A query to MT specialists regarding linguistic concerns …
What I see here is the big obstacle in Machine Translation is not multiple meanings of same spellings in source, but term meaning in different dialects (Example: enUS/enGB) of source! It is fine to claim/blame post editing; but due to multiple meanings of a term or different words used for same meaning from different dialects, or the source in mix dialects; the source can be tricky and becomes ambiguous; even for a domain expert (in case of non-availability of surrounding info) it could be impossible to get correct understanding in post editing.
From number of articles am reading for almost last 7-8 years “not even one has discussed on this. Tod day, there are number of approaches in MT process; everyone is evolving by time. Rule-based Machine Translation, Transfer-based Machine Translation, Statistical Machine Translation, Example-based Machine Translation, Phrase-based Machine Translation, Hybrid Machine Translation, Interlingual Machine Translation, are today’s some main known methodologies/techniques.
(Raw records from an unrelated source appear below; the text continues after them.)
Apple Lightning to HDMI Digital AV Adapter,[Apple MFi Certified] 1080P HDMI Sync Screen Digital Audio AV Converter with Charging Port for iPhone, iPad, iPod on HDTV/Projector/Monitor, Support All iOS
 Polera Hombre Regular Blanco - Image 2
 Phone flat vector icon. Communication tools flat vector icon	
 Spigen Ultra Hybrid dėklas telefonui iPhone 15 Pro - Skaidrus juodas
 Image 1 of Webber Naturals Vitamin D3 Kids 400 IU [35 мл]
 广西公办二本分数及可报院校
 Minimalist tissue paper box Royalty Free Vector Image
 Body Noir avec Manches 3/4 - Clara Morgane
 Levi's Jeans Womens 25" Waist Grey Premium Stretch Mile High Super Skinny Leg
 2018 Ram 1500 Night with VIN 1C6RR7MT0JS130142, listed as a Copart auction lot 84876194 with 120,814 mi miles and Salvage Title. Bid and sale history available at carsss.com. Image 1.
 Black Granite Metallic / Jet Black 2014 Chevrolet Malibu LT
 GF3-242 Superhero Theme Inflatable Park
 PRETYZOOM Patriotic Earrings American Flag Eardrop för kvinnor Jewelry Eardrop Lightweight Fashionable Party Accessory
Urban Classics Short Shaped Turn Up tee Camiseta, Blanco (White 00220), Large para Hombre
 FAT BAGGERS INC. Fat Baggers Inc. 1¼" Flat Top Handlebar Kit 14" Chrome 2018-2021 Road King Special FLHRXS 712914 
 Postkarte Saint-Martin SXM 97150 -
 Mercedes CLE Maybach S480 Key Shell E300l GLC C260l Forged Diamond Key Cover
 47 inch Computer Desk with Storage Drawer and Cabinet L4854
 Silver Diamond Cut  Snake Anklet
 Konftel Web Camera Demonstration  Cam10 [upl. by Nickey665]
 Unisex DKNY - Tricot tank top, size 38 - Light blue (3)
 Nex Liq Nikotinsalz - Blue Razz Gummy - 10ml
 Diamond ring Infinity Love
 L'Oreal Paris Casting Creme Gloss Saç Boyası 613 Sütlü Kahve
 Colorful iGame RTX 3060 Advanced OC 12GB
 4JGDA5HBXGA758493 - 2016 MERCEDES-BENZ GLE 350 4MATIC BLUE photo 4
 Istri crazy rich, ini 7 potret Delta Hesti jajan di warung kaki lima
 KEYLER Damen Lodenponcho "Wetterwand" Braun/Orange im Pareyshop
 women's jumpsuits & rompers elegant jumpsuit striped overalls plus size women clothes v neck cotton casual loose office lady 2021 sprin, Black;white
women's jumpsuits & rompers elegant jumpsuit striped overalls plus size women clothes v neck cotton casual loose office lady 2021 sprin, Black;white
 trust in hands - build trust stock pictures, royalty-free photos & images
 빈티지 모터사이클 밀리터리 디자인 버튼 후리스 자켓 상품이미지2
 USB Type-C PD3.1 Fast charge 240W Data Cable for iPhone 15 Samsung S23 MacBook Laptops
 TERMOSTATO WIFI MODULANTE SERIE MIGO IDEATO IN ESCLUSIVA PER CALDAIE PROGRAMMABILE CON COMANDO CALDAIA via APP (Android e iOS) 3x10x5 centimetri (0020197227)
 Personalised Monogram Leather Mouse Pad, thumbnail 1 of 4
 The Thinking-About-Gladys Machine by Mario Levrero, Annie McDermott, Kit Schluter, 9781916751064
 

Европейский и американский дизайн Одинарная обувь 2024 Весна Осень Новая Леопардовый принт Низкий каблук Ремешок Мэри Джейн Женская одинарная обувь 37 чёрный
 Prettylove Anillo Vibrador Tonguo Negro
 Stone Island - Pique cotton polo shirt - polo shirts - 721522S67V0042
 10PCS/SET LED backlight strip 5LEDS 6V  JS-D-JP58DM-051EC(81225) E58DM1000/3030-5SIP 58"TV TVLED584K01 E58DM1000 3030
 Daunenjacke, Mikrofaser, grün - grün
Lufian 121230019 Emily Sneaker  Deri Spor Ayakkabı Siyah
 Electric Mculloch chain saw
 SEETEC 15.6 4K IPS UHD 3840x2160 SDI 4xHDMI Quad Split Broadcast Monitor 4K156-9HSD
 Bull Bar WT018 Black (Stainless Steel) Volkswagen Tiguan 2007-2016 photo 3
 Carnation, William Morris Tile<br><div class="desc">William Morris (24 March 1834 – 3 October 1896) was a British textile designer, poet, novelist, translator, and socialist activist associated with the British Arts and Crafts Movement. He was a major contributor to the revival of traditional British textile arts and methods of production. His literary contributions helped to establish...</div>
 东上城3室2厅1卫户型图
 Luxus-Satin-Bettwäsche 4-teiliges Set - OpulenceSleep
I went through each of the methods mentioned above; and I found no discussion on/about preparation or process/es on language part, other than about creating a corpus or an algorithmic term list or a grammatically structured TermBase. Is my impression is true, that no MT designer thinks about existence of source dialects (Let’s forget 100+ official dialects of English; but you have to accept two at least; enUS/enGB!) or a domain specific structural differences in sentencing (Marketing/Legal/Core Medical/Core Scientific) and term usage?